O combate às violações de direitos civis e políticos pode ser mais eficaz e ter maior alcance se conjugado com medidas ao mesmo nível no combate à corrupção e espoliação. O contrário é também verdade, como prova o caso, pertinente entre vários outros, da África do Sul: a negligência na análise dos crimes económicos em processos de transição fragiliza as condições de sucesso da luta contra os crimes políticos.
A Comissão de Verdade e Reconciliação (TRC) sul-africana decidiu não investigar a corrupção por considerar que esse tipo de crimes não fazia parte das suas competências. O resultado foi que uma parte importante dos crimes do apartheid ficou de fora das investigações, como sublinhou um relatório da sociedade civil publicado em 2006 em Pretória. Este estudo demonstrou a relação directa entre corrupção e violações dos direitos humanos e concluiu que «quando o apartheid atingiu o maior grau de repressão, atingiu também o seu maior grau de corrupção».
Ao passar ao lado da ligação intrínseca entre crimes políticos e crimes económicos, a TRC efectivamente perdeu uma oportunidade histórica, pois as provas «desses crimes [económicos] serão ainda mais diluídas ao longo do tempo e o dinheiro roubado continuará a enriquecer os beneficiários da corrupção. Ao enveredar por este caminho, nós optámos por fechar o livro do passado. Uma tal decisão não ameaçará a elite sul-africana e, sem dúvida, será bem acolhida por muita gente. Mas, provavelmente, vai continuar a assombrar a nossa sociedade».
Como salientou em 2008 a organização Transparência Internacional, «não se espera que um governo corrupto que rejeita tanto a transparência como a prestação de contas respeite os direitos humanos. Nessa medida, a campanha para conter a corrupção e o movimento de promoção e protecção dos direitos humanos não são processos discrepantes. Os dois estão inextricavelmente ligados e [são] interdependentes».

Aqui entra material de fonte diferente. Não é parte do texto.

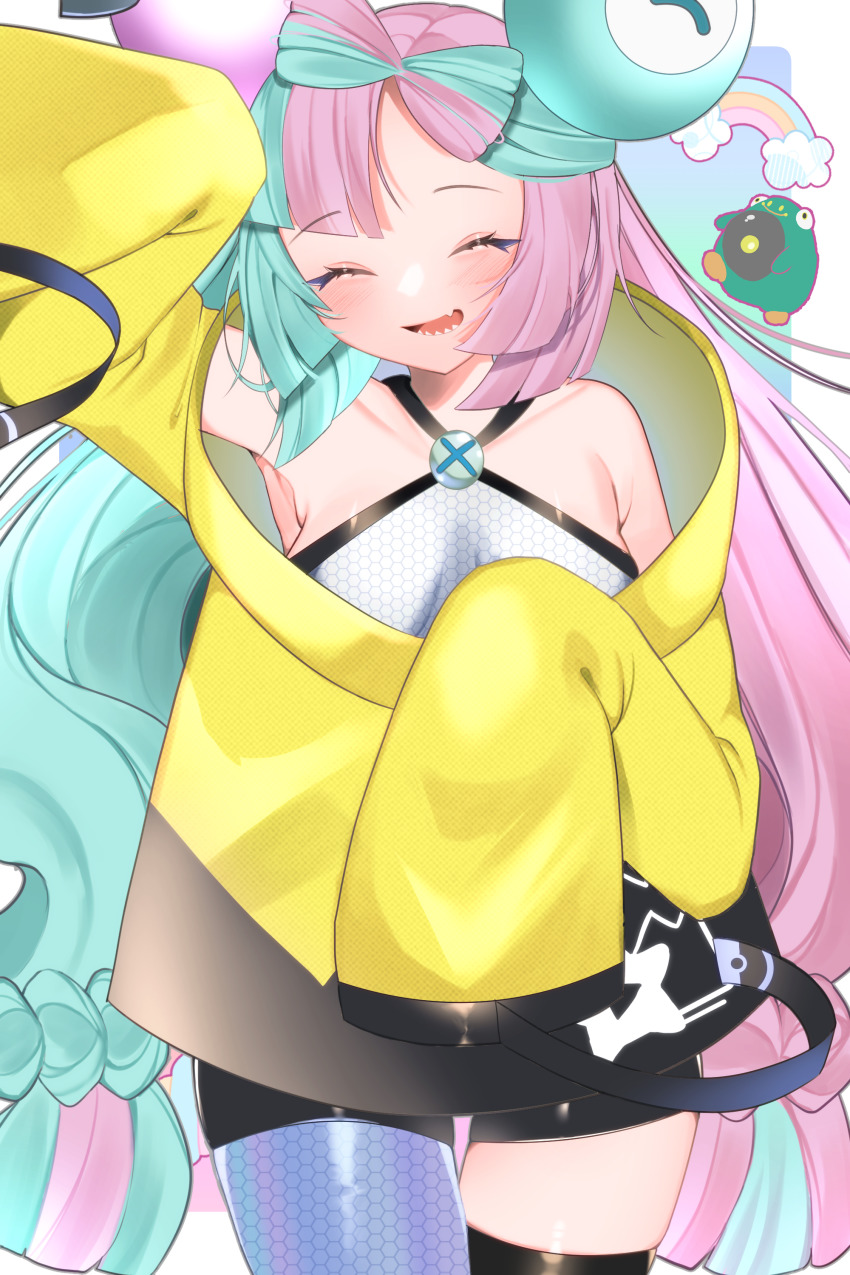 1girl, absurdres, aqua_hair, azuki_anko, bad_id, bad_pixiv_id, bellibolt, bow-shaped_hair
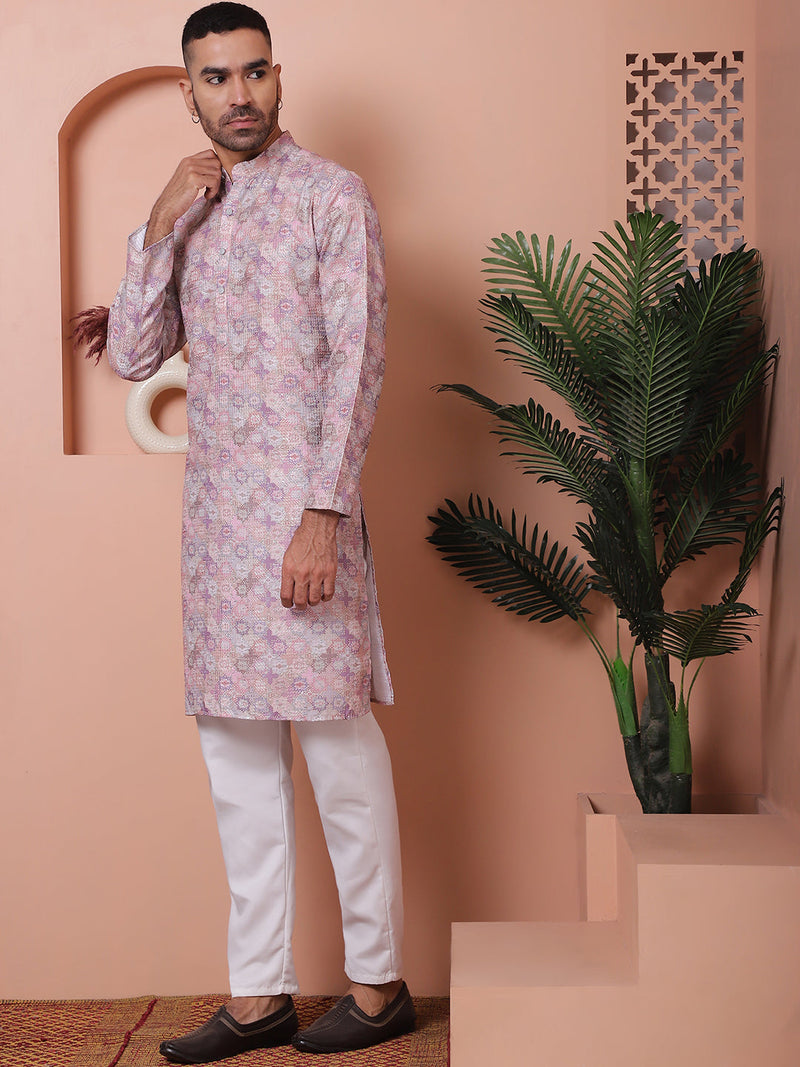 Men's Printed and Embroidered Kurta Pyjama Set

Quer isto dizer que os mecanismos analisados no capítulo anterior deste relatório, sejam as comissões de verdade ou os tribunais internacionais, os programas de compensação das vítimas ou os processos contra os autores de violência massificada, podem e devem sair do seu âmbito tradicional de intervenção, acolhendo a luta contra os crimes económicos. A fundamentação legal e doutrinal, de resto, já existe. As poucas excepções à abordagem restritiva tradicional, em que se incluem iniciativas encetadas no Chade, Filipinas, Serra Leoa, Timor-Leste, Peru e Libéria, entre poucas mais, demonstram, apesar de tudo, a diferença tangível de processos em que os crimes económicos são enfrentados em conjunto com os crimes políticos e são, afinal, encarados como aquilo que são em substância: violações graves de direitos humanos.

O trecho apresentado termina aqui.